_Problem to solve_:
Using the data below, transcribe exactly everything from the line that contains "Gilet in Maglia Strutturata con Scollo a V" down to the line that contains "Selection of Desktop Computers and Monitors". Include both of those lines and none of the pictures.

_Exercise material_:
-----

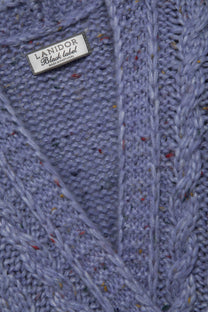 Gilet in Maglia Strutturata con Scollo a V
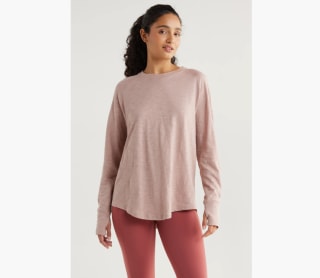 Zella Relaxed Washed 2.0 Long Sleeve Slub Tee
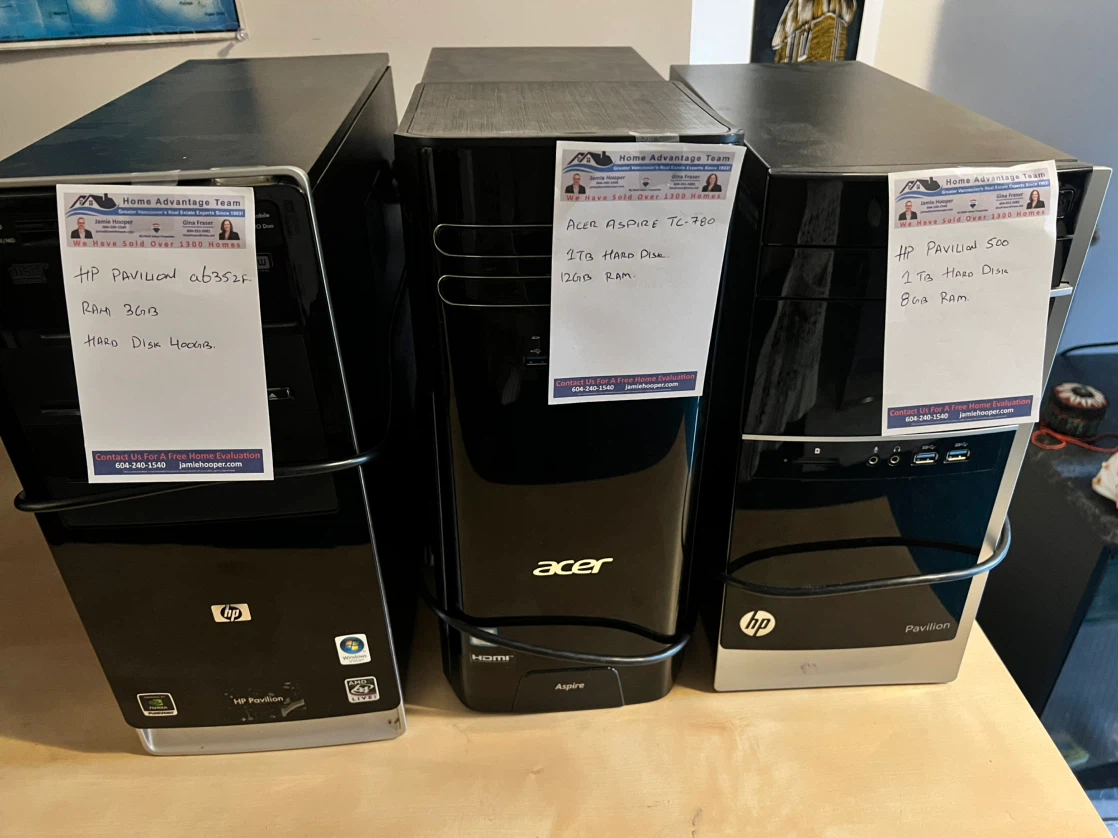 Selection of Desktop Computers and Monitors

-----

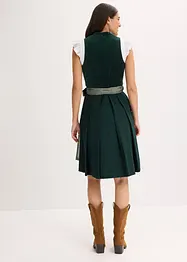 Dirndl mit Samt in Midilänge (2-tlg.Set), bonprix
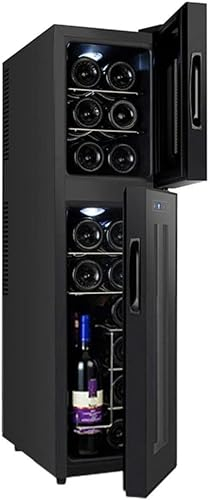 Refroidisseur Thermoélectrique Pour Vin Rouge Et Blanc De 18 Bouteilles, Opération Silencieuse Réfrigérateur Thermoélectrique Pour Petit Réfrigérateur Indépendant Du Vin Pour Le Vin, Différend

-----

_Task solution_:
 Gilet in Maglia Strutturata con Scollo a V
 Zella Relaxed Washed 2.0 Long Sleeve Slub Tee
 Selection of Desktop Computers and Monitors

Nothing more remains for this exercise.